懐かしむように目元を細めると、ぴょこんとこゆきが銀華の髪から現れて、机の上にぴょんと飛び乗る。
「ちなみに、氷華世界にはこういう怪談はあるのかい?」
「どちらかといえば、わたしたちが怪談側じゃない?」
ねぇ、こゆき? と銀華がこゆきに声をかけると、こくこくとうなずく姿が確認できた。首を動かすたびに、ちりんちりんと鈴のような音が部室に響く。
「こゆきたちの世界だと、怪異と戦えちゃうもんねっ」
「……そういえば、どうして銀華くんはこの学校にきたんだい?」
佑心が興味深そうに銀華に尋ねる。あの黒板の怪異のときに、架瑠たちを助けてくれた銀華。どうして彼女があの怪異のところに姿を現せたのか、聞いたことはなかった。
「ああ……それはね。
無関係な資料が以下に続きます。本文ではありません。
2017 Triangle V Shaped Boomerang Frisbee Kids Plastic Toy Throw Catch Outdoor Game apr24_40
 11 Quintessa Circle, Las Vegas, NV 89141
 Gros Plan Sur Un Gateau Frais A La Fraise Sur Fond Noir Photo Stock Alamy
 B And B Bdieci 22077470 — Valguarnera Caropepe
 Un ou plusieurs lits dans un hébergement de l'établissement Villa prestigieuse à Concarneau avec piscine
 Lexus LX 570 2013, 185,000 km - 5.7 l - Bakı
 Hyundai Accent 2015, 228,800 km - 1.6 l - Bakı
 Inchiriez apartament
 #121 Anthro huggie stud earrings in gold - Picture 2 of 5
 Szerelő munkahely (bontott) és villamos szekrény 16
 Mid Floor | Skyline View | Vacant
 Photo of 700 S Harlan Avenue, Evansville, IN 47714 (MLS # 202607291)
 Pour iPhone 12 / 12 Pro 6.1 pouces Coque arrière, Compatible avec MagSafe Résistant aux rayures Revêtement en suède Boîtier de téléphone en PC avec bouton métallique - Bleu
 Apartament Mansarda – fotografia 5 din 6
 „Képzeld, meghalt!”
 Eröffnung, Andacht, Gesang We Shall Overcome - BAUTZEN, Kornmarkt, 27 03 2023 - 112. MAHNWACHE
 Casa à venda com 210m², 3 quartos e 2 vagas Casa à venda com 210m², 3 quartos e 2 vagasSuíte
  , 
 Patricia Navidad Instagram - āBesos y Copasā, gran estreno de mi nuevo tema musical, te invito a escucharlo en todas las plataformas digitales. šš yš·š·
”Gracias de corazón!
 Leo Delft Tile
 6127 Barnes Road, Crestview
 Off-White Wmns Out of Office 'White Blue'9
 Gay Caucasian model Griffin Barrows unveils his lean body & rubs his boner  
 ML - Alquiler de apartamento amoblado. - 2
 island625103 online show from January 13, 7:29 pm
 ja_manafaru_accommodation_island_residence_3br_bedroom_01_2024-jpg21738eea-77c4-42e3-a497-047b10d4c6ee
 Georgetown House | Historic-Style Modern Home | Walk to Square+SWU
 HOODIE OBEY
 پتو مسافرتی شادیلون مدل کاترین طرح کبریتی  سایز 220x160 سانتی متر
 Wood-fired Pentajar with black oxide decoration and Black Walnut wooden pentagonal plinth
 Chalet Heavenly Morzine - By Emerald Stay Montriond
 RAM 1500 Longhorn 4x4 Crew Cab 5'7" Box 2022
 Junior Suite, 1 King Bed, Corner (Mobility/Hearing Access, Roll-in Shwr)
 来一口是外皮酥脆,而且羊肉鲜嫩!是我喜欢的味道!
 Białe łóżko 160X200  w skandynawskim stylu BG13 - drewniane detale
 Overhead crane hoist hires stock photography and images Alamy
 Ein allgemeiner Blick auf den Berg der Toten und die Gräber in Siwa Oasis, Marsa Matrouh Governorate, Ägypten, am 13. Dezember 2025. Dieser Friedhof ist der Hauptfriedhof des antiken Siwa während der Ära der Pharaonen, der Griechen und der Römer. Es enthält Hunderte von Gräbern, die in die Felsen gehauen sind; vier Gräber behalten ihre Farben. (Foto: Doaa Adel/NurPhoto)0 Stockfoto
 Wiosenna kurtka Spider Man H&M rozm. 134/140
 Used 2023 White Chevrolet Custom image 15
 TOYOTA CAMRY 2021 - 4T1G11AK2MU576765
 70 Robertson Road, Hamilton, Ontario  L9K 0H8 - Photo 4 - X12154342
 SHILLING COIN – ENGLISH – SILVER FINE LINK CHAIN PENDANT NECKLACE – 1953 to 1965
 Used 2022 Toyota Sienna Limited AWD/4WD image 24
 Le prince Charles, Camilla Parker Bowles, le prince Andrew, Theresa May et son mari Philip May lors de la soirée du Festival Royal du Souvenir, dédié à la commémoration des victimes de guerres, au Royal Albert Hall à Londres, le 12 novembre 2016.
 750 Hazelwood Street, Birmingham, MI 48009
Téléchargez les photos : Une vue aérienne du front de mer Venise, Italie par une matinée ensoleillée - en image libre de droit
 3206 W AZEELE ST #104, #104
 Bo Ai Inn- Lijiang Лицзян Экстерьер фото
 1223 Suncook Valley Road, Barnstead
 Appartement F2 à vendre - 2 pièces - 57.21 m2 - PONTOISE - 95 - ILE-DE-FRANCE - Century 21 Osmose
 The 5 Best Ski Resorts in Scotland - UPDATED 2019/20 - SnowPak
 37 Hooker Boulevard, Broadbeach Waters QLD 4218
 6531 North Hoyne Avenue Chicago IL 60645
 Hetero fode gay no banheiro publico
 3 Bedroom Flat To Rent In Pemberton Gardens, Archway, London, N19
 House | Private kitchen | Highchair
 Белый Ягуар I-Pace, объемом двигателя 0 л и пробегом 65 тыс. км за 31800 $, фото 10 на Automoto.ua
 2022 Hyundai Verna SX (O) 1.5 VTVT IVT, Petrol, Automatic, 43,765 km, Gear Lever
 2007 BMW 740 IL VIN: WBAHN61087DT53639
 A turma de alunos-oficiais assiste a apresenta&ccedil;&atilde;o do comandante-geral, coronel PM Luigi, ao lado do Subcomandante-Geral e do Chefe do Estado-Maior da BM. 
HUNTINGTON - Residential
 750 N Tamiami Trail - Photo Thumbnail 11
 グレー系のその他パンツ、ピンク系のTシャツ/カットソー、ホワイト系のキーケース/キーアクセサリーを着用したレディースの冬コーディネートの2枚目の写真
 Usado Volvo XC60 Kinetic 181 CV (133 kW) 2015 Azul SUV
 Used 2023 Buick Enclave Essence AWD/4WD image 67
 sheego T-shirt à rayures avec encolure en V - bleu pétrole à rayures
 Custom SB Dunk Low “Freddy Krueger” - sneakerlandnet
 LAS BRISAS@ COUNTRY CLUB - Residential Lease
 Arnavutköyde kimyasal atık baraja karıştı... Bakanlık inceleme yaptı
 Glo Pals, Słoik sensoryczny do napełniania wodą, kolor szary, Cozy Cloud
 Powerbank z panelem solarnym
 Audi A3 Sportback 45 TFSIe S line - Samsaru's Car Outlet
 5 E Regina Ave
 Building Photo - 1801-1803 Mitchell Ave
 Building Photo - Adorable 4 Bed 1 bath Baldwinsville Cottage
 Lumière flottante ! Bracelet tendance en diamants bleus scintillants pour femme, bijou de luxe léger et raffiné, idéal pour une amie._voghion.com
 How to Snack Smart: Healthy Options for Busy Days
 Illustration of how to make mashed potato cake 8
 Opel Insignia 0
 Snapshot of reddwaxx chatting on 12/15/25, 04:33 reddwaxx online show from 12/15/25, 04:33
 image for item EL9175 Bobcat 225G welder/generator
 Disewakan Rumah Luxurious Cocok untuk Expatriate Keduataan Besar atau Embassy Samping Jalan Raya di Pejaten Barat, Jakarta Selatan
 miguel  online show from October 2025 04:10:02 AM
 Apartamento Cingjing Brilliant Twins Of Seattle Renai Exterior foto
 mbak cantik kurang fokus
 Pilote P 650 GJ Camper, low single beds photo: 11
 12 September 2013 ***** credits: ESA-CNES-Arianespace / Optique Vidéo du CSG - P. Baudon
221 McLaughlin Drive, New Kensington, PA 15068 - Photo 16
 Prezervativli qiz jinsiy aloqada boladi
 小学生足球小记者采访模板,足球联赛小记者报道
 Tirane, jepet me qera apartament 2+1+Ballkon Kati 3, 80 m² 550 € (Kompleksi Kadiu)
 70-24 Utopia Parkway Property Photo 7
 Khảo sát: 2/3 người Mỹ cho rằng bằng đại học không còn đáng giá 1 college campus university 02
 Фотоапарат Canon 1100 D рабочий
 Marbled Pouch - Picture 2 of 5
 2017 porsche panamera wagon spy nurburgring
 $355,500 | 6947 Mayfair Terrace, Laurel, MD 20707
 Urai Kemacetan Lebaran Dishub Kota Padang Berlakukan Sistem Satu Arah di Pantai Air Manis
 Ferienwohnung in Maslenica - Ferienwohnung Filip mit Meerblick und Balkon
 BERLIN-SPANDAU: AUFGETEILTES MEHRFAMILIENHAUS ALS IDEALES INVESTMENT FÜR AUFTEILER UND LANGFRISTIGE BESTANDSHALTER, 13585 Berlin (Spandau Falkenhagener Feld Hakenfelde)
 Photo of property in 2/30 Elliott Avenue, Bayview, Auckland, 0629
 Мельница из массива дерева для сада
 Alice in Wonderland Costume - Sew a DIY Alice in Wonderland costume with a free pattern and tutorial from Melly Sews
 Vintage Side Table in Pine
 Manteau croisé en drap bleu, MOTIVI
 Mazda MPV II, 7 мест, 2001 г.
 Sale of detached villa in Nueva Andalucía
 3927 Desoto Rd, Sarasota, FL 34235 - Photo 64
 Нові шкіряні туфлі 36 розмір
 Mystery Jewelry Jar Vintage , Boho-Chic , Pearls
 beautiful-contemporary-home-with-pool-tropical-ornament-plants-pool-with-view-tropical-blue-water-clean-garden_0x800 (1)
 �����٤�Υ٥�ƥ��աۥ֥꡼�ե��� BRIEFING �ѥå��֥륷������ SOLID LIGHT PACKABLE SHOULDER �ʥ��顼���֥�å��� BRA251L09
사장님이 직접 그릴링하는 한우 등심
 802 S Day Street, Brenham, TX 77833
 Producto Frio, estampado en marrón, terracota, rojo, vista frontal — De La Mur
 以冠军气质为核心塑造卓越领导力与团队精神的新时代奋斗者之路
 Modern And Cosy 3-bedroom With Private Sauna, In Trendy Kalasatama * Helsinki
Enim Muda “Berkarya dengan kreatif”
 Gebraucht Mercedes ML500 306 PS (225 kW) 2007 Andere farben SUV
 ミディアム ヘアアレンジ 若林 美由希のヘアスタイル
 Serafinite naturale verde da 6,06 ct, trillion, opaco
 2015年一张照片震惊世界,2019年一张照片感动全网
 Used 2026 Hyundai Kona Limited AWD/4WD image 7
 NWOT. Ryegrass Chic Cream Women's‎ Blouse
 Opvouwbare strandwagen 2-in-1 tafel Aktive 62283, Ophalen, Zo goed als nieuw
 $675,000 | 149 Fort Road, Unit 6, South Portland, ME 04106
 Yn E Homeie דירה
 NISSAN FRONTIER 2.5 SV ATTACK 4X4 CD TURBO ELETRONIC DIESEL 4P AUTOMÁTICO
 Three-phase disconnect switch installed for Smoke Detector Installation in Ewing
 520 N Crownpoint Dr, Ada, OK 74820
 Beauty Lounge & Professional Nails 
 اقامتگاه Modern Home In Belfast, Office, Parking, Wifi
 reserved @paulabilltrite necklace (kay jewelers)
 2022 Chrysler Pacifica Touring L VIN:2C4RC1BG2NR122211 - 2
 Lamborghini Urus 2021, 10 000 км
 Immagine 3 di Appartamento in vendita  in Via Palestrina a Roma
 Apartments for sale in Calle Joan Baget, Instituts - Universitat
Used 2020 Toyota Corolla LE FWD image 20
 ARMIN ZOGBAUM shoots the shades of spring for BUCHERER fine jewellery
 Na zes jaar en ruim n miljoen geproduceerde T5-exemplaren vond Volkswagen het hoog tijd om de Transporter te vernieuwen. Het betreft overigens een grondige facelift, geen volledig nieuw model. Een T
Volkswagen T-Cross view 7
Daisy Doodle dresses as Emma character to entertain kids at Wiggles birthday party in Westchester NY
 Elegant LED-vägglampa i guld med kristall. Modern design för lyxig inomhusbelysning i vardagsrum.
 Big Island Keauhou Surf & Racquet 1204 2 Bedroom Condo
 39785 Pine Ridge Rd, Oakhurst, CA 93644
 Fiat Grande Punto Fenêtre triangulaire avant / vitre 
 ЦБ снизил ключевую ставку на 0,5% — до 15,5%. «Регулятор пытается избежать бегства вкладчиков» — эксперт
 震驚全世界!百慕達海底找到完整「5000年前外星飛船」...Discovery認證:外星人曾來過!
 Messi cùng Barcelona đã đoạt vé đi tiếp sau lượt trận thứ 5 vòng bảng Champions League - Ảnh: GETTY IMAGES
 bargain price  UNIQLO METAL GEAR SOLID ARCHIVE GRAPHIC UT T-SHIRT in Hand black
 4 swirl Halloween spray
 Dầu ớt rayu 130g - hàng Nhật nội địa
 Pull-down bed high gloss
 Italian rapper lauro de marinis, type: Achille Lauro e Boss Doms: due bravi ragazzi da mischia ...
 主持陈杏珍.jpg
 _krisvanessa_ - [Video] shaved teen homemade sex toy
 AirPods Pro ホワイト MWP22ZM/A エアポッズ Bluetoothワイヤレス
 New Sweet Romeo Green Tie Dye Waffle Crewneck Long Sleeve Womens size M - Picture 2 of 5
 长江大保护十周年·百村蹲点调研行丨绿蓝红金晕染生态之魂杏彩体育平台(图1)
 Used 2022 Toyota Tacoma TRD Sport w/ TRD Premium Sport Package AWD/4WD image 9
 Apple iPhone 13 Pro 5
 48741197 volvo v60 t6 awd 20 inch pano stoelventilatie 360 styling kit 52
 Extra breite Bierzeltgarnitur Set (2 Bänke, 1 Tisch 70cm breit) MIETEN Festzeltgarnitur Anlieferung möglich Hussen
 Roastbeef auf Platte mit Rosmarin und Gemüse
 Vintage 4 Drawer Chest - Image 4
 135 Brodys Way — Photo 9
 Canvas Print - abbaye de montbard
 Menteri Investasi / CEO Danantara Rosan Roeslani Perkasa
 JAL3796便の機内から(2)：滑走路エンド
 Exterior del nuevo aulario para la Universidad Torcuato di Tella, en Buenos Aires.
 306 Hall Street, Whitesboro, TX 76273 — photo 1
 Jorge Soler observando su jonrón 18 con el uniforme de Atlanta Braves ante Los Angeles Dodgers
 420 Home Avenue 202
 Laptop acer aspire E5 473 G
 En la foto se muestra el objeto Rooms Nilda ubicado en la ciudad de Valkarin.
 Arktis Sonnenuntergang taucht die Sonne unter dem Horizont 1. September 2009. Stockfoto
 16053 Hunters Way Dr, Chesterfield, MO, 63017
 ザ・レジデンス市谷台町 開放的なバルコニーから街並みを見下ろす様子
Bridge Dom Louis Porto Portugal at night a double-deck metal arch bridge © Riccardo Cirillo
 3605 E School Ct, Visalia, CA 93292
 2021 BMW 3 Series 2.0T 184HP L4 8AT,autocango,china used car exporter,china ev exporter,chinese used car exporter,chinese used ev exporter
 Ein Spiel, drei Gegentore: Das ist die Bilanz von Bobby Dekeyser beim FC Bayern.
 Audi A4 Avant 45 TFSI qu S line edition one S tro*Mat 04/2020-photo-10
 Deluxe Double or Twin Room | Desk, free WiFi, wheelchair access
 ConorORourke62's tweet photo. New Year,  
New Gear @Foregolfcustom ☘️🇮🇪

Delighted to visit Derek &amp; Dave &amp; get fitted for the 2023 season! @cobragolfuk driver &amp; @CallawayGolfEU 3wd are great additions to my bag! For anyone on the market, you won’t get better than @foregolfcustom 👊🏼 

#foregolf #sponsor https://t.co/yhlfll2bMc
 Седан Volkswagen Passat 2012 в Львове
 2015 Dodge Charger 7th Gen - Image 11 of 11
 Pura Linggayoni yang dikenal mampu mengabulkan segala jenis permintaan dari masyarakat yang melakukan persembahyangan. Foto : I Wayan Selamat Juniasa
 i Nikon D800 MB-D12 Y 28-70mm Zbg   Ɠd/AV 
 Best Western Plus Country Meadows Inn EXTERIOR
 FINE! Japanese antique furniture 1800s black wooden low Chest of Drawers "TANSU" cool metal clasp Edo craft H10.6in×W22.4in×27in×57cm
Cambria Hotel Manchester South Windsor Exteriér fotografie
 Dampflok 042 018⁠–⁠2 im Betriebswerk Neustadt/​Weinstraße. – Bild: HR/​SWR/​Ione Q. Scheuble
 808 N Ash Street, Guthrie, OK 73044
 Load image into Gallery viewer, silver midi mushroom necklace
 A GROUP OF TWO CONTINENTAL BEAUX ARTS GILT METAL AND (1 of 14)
長から勧められたのよ。外の世界を見てきなさいって。どうせなら、助けてもらったあなたたちと過ごしたかった。そう思って氷華世界からキミたちに繋がる道を歩いたら、なんか怪異に巻き込まれていたってわけ」
ぎしっと音を立てて椅子に背を預ける銀華に、こゆきは机の上で自分の尻尾に頭を乗せて丸くなる。
「長から?」
「ええ。わたしの力が思った以上に強かったら、……まぁ、修行ってことね」
「銀華のサポートのために、こゆきも一緒なの!」
こゆきは目をキラキラと輝かせた。そんなこゆきの頭を撫で、銀華は目を伏せてしみじみと言葉を紡ぐ。
「恋人ともしっかり別れたからね。……ああ、そうだ。あの大樹の下に埋まっていた骨なんだけど……」
銀華は一度言葉を切り、全員を見渡した。